Language testing fraud is not the only area of abuse the government is investigating; Brokenshire also raised concerns about international students working without permission. He said that one private further education college, the London School of Business and Finance, had 290 international students who worked and paid taxes last year, despite the fact that students at these types of colleges aren’t permitted to work at all under U.K immigration law. And some students in the university sector earned more than £20,000 (about $34,000) a year despite the fact that they are allowed to work no more than 20 hours a week when classes are in session. 

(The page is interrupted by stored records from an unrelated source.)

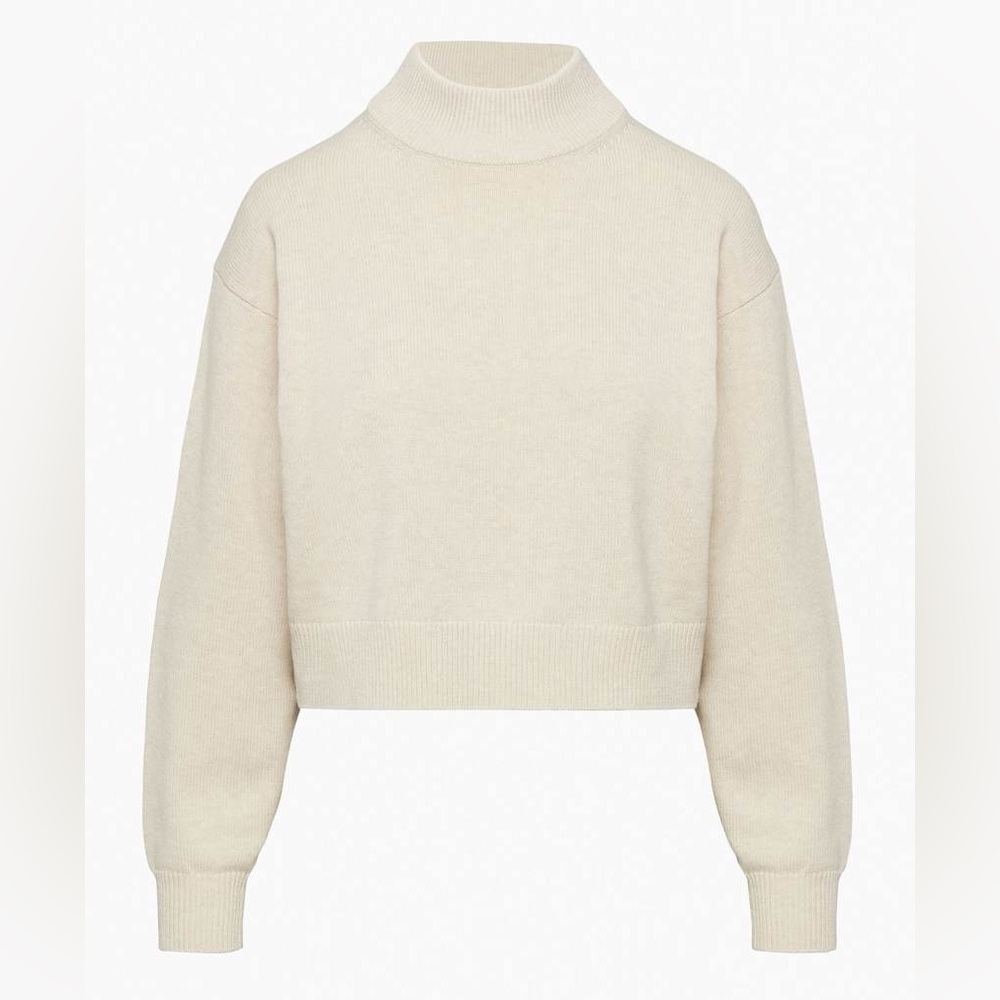 Wilfred Free Harper Sweater Cream Mock Neck Women's Sweater, M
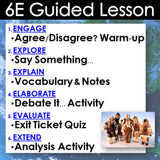 6E Guided Lesson structure with a photo of people in winter clothing on a blue background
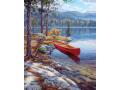 Peinture aux numéros - 23 x 34 x 2,5 cm - Collection artistes - bateau sur le lac - Mammut - 107004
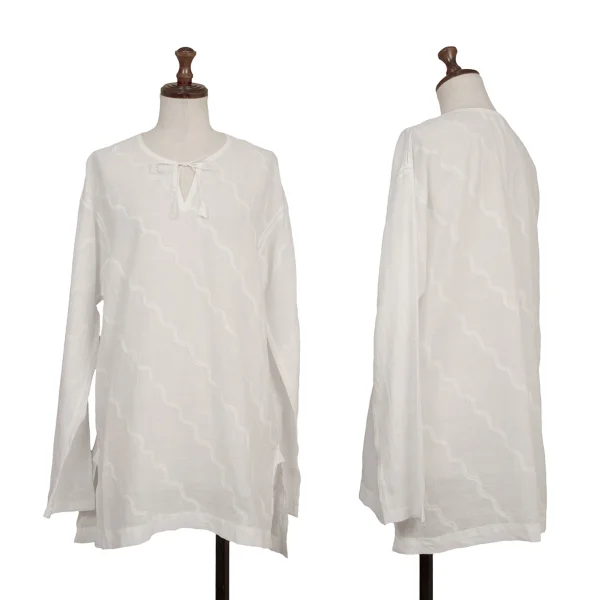 ASHA BY MDS Wave Embroidery Cord-neck Skipper Blouse White M K-173122_001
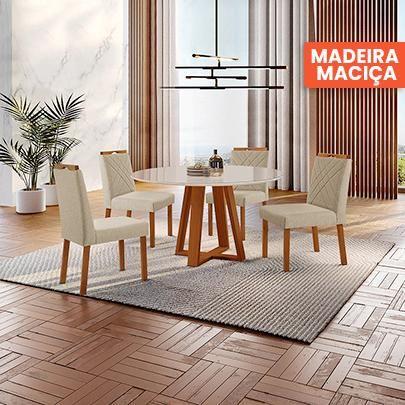 Imagem de Conjunto Sala de Jantar Mesa Floripa 110cm Tampo Redondo Vidro/MDF Off White com 4 Cadeiras Dallas com Puxador Móveis Minas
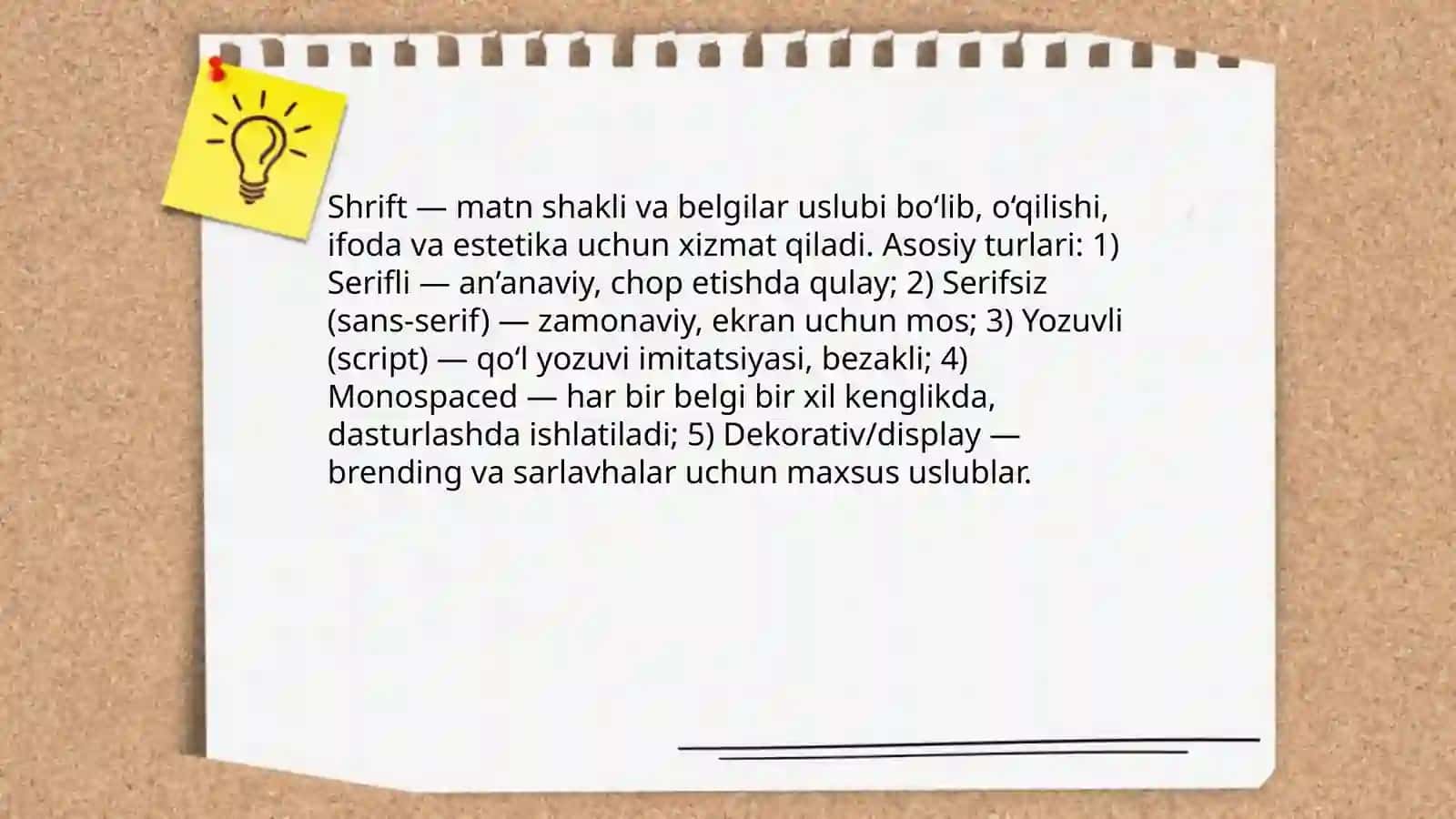 Shriftlar ularning turlari va kartadagi yozuvlar,bôyoq turlari 3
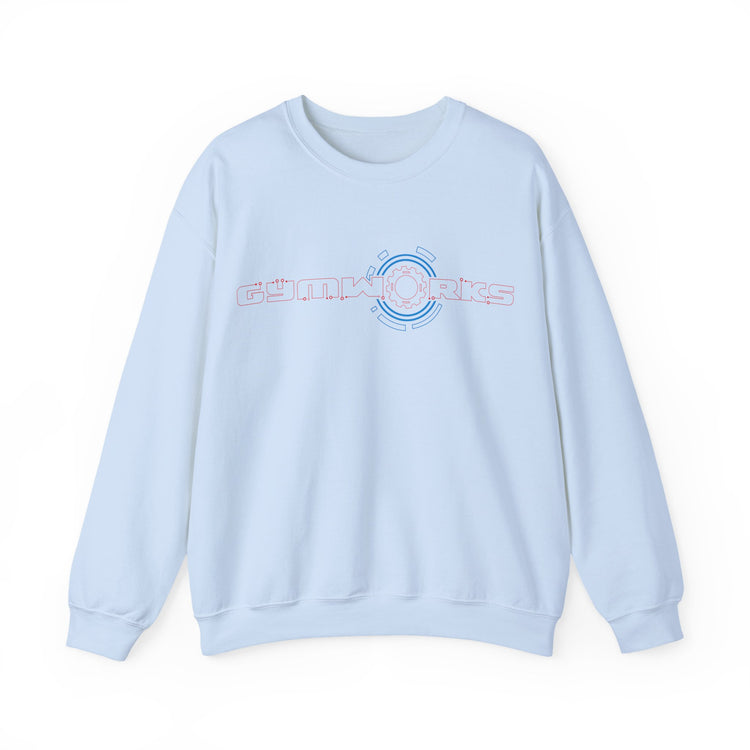Light blue Gymworks sweatshirt with a logo on a white background
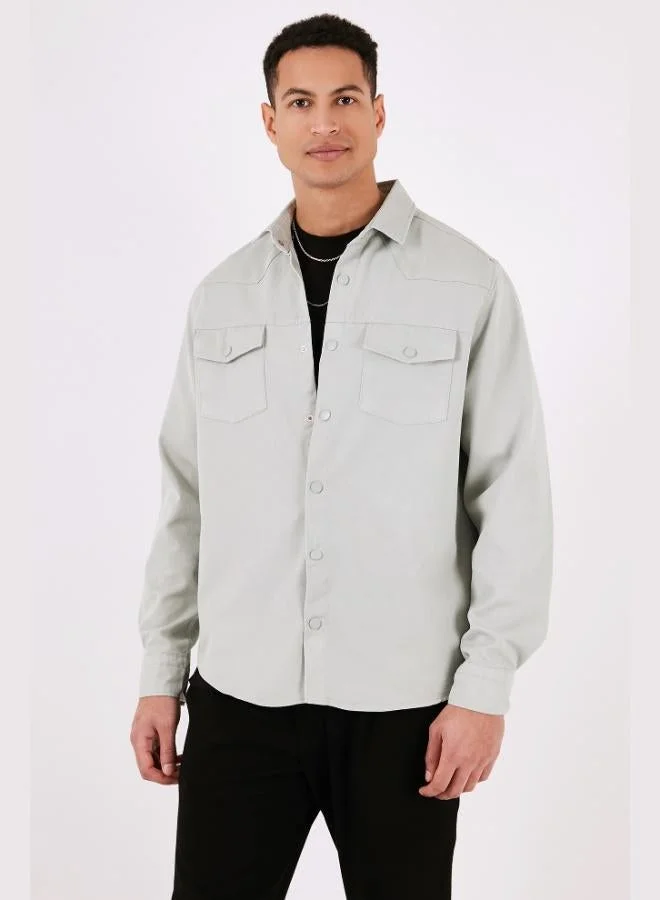 Buratti  Buratti Cotton Regular Fit Double Pocket Shirt Men's SHIRT CF24W116927 for Men | Best Price UAE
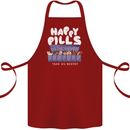 Cats Happy Pills Antidepressant Cotton Apron 100% Organic Maroon
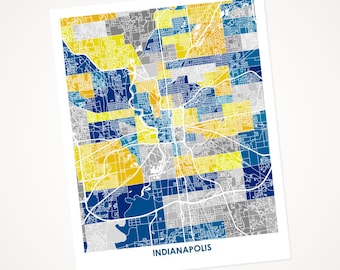 Juanitas Indianapolis Map Print.  Pick the Colors and Size.  Wall Art for your Favorite Pacers or Colts Fan.
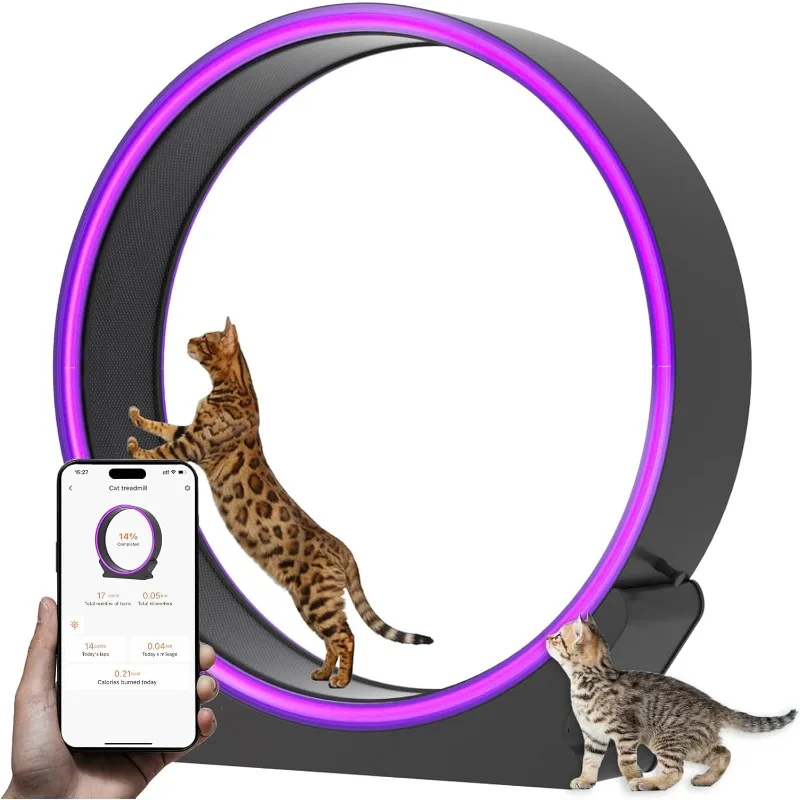 Smart LED Cat Exercise Wheel Large - 40 inch Purple ABS Plastic Cat Wheel Exerciser for Indoor Cats, Safety Cat Treadmill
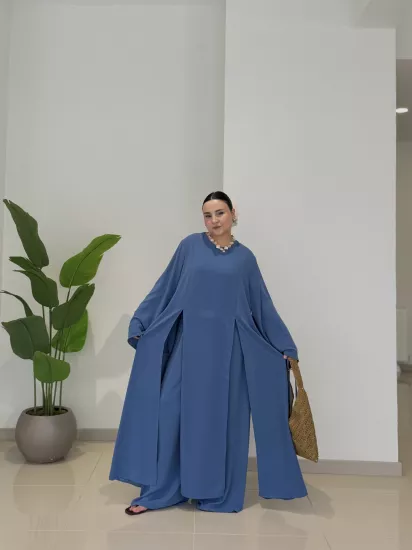 2’Lİ MEDİNE İPEĞİ UZUN YIRTMAÇLI TAKIM - PASTEL MAVİ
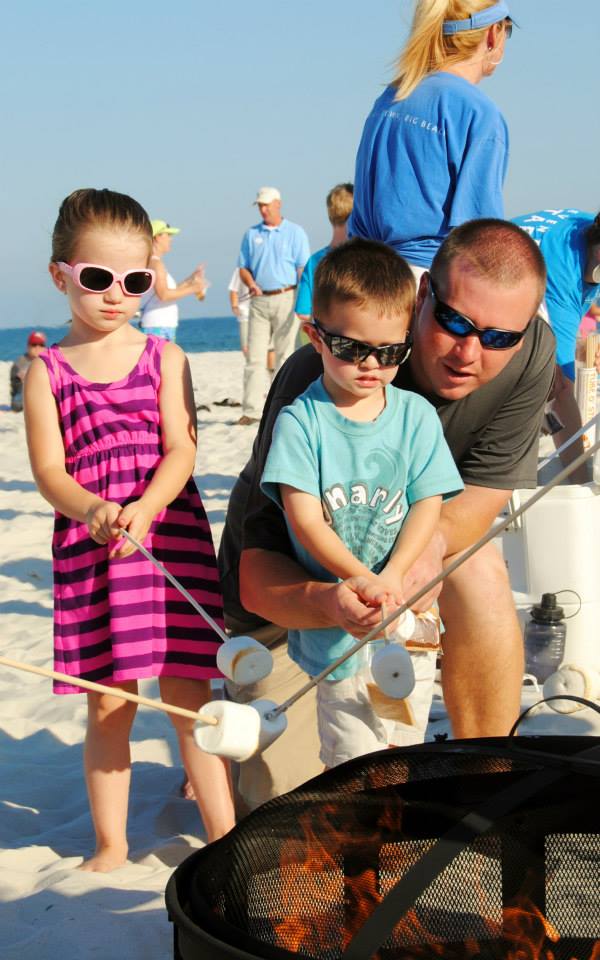 family making smores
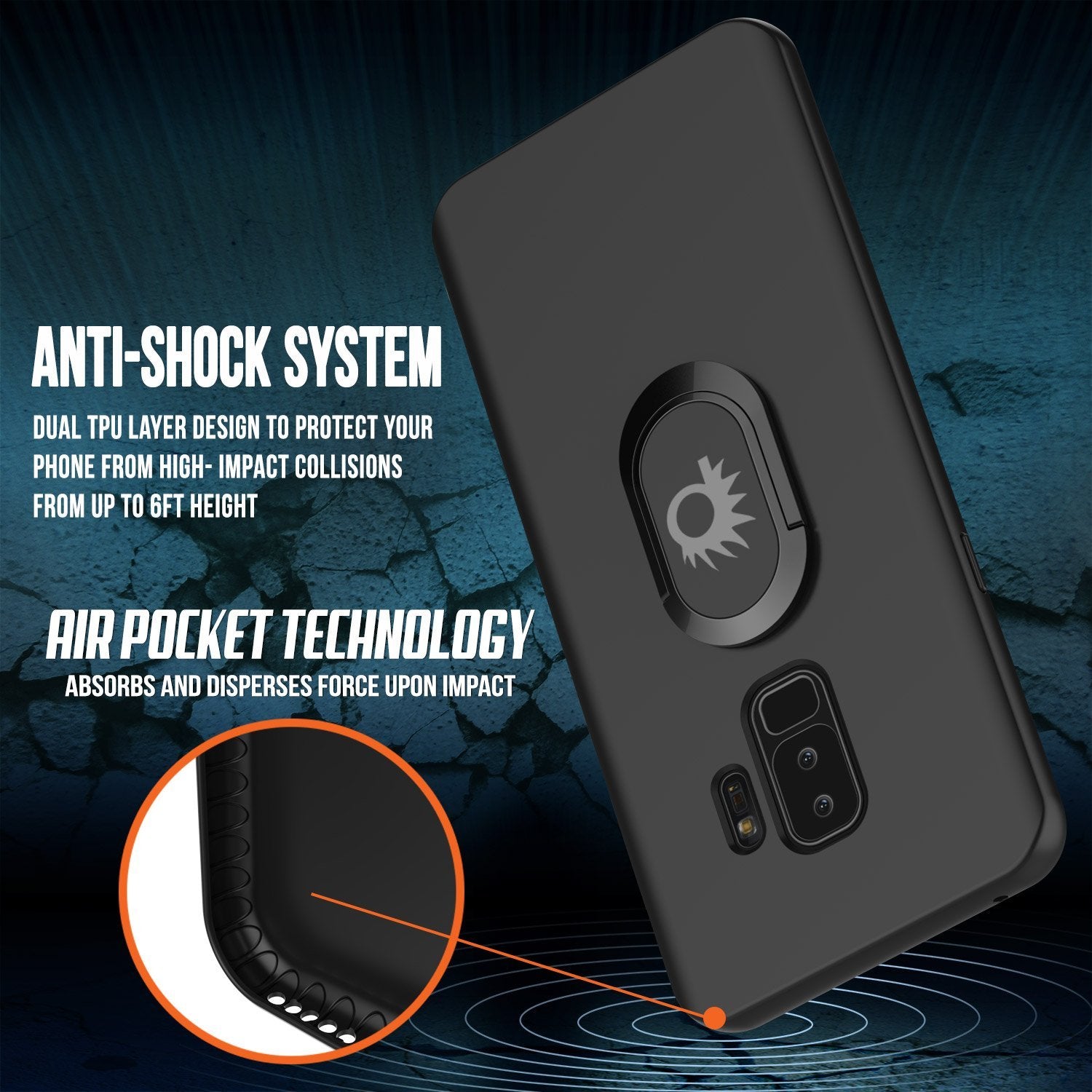 Galaxy S9 Plus, Punkcase Magnetix Protective TPU Cover W/ Kickstand, Sceen Protector[Black]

Brokenshire said that the worst abuse discovered so far seems to be occurring at the London campuses of universities located elsewhere in the country. He said that investigations are continuing and further action may follow.

Relations between university leaders and immigration authorities in the U.K. have been strained as universities have protested that while putting a stop to student visa abuse is all to the good, legitimate foreign students shouldn’t be counted in the government’s push to drive down overall immigration numbers. The number of students from outside the European Union at U.K. universities declined by 1 percent in 2012-13, the first such decline since record-keeping began in the mid-1990s. 

“Universities are committed to reducing any abuse of the student visa system and take immigration compliance very seriously," Sir Christopher Snowden, the president of Universities UK, said in a statement: 

“As Home Office studies have made clear, levels of student visa abuse in the university sector are very low compared to other education providers. They may well be even lower now given the significant investment that has taken place in universities in recent years on immigration compliance. Universities are estimated to be spending a total £67 million [more than $113 million] per year in this area," Snowden said.

“The Home Office must work with the institutions in question to address the issues identified, without negatively impacting international students and applicants at these universities. It is important that current international students at these institutions are reassured that they will not be affected by this action."

(UPDATE: The Home Office has issued guidance clarifying, among other things, that current students will not be affected.)